> [What is being asked]: Collect every line in the records below that contains the word "Ford".

(Beginning of Listed records)

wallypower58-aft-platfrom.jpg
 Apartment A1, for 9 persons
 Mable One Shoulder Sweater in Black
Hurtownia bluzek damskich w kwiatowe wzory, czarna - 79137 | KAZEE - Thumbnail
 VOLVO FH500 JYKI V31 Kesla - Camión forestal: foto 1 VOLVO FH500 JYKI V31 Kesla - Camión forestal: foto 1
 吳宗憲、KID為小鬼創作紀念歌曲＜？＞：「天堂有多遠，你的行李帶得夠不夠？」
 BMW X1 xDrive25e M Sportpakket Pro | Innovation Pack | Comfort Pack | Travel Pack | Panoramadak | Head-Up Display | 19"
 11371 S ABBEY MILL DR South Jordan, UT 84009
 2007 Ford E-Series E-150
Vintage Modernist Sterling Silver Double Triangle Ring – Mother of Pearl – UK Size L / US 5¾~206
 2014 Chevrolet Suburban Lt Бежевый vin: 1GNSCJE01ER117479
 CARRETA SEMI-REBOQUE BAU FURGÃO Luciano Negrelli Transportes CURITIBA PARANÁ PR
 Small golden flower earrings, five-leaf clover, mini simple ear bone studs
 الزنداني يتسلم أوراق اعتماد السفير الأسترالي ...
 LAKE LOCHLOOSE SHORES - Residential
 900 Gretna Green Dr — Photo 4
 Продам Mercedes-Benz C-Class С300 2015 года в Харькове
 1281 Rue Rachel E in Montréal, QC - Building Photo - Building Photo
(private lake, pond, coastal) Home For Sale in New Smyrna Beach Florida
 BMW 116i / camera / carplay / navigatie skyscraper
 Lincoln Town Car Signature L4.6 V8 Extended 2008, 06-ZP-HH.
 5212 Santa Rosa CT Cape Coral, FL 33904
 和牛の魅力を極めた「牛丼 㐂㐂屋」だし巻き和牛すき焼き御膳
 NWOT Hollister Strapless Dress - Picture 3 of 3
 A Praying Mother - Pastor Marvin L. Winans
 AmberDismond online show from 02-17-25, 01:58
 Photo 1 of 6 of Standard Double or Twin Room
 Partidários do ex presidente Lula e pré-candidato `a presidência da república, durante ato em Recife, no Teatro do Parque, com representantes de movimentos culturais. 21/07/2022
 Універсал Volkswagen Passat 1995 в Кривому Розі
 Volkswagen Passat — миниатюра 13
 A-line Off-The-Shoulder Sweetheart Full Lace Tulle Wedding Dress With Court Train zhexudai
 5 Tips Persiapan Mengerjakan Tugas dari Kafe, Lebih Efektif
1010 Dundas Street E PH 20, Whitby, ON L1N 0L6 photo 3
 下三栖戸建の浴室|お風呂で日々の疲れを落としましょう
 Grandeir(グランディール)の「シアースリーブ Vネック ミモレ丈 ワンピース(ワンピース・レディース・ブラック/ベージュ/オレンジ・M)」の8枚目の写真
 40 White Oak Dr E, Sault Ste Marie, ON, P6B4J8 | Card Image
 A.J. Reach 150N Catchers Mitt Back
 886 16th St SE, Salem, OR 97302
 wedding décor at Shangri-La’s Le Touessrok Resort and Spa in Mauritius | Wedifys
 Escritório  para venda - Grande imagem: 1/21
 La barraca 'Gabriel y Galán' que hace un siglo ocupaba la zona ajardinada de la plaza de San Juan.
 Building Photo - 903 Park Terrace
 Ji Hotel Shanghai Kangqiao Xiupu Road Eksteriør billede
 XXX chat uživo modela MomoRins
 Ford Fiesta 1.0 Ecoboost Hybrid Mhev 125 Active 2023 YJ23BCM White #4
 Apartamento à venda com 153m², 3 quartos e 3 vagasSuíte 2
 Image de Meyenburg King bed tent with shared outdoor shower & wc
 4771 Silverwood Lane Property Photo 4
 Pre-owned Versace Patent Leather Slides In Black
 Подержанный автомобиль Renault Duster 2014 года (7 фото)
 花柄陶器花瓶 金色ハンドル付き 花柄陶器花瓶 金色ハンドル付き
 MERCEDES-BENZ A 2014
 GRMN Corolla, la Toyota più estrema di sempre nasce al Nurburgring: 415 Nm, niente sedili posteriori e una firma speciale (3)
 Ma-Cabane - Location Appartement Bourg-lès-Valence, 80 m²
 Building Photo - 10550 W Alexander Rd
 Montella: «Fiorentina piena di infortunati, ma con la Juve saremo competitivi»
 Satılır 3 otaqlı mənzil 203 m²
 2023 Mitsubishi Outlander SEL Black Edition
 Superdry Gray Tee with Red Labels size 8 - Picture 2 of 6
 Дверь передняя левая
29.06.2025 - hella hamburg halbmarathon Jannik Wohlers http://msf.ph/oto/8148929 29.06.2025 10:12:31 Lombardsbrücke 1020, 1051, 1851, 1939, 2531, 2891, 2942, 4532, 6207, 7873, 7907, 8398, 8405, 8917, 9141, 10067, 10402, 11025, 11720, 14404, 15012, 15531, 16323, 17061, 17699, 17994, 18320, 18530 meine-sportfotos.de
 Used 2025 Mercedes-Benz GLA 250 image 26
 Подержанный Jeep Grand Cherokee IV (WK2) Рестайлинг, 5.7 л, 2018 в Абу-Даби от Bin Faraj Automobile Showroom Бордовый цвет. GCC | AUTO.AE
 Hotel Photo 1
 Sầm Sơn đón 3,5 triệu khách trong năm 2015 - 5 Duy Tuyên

(End of Listed records)

> [Written response]:
 2007 Ford E-Series E-150
 Ford Fiesta 1.0 Ecoboost Hybrid Mhev 125 Active 2023 YJ23BCM White #4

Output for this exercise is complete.